Les commissions de surendettement ont été instituées lors de la promulgation de la première loi contre le surendettement le 31 décembre 1989. Cette loi, dite loi Neiertz, entendait s’attaquer au phénomène grandissant du surendettement.
Si, depuis, les causes du surendettement semblent avoir changé de nature, les commissions de surendettement ont toujours lieu d’être. La loi, dite loi Borloo, de 2003, confirme et étend même leur rôle en créant la procédure de rétablissement personnel.
Plus de 180 000 dossiers sont déposés à la commission de surendettement chaque année.
Les commissions de surendettement ont pour mission de rechercher des solutions aux problèmes rencontrés par les particuliers surendettés. Il faut les considérer comme la dernière solution face au surendettement, après avoir tout essayé – le rachat de crédits notamment.
Le surendettement ne commence pas à partir du moment où ses ressources sont inférieures à ses dépenses. Avant d’envisager la saisine de la commission de surendettement, il faut procéder à l’analyse précise de sa situation financière, en diminuant certaines dépenses, en renégociant certaines échéances, en étudiant le rachat de ses crédits. A ce stade, nous conseillons de faire le point avec un travailleur social.
Attention, saisir la commission de surendettement n’est pas un acte anodin, et ne doit pas contribuer à déresponsabiliser les emprunteurs face aux risques du surendettement. La démarche conduit au fichage FICP pendant 5 ans maximum (impossibilité de souscrire de nouveaux crédits pendant plusieurs années…) ou, pire, à la faillite civile (vente de tous ces biens…).
L’appel à la commission de surendettement présage des moments assez difficiles qu’il ne faut affronter qu’en cas de nécessité absolue.

Les commissions de surendettement sont départementales. Il existe donc une centaine de commissions de surendettement en France.
Le secrétariat de la commission de surendettement est situé dans une succursale de la Banque de France. C’est le préfet du département qui la préside.
Le dossier de surendettement mentionne : l’identité du demandeur, sa situation familiale, le détail de ses ressources (attention, il ne faut rien oublier sous peine de voir son dossier refusé par la commission de surendettement), le détail de ses biens, le détail de ses dettes, les contacts des créanciers.
Pour saisir la commission de surendettement, il faut se procurer un dossier auprès de la succursale de la Banque de France. Il faut ensuite le remplir et surtout rassembler toutes les pièces justificatives demandées.
Seule la personne surendettée peut saisir la commission de surendettement. Les créanciers ne peuvent pas faire cette démarche, ni obliger le débiteur à la faire.

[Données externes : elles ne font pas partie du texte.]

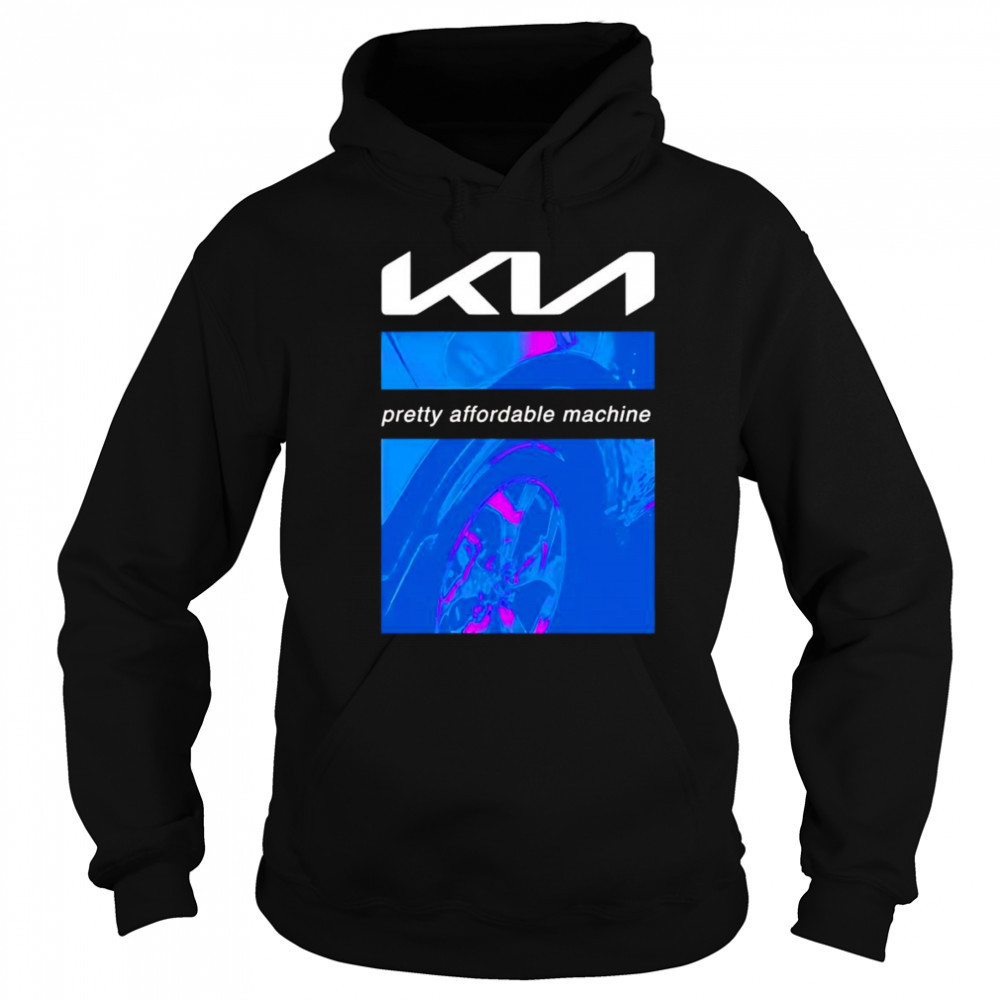 Kia pretty affordable machine shirt Sweatshirt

La commission de surendettement est composée de 6 membres :
Le préfet (président), le trésorier-payeur général (vice-président), le directeur départemental des services fiscaux, le représentant local de la Banque de France (secrétaire), un représentant des organisations de consommateurs, un représentant des organismes de crédits, un juriste ou une personne pouvant justifier d’une expérience dans le domaine du droit (il n’a qu’un pouvoir consultatif).
La commission de surendettement calcule ce que le surendetté peut rembourser à ses créanciers. Elle peut prévoir de reporter ou de rééchelonner les dettes du surendetté, de prévoir l’abandon de certaines pénalités, de demander la réduction de certains taux d’intérêt… Il s’agit d’une négociation à l’amiable avec les créanciers. La commission de surendettement ne peut rien imposer.
Un plan ne peut excéder 10 ans.
La commission de surendettement propose un nouveau plan. Il est soumis au juge de l’exécution qui peut forcer la décision.
La commission de surendettement vérifie si le surendetté remplit ces conditions :
La commission de surendettement peut décider de suspendre les dettes lorsque les ressources du surendetté sont trop faibles. Un moratoire ne peut excéder 2 ans. A la fin du moratoire, la commission de surendettement propose un nouveau plan de redressement ou l’effacement des dettes. On entre alors dans la procédure de rétablissement personnel.
(voir notre lexique du surendettement)
La commission de surendettement calcule ce qu’on appelle le « reste à vivre » du surendetté, ce qu’il lui faut pour assurer les dépenses courantes. Ses ressources sont au minimum égales au RMI majoré de 50% pour le conjoint.
La prise en charge du dossier par la commission de surendettement peut entraîner la suspension des procédures. C’est le juge de l’exécution qui en décide.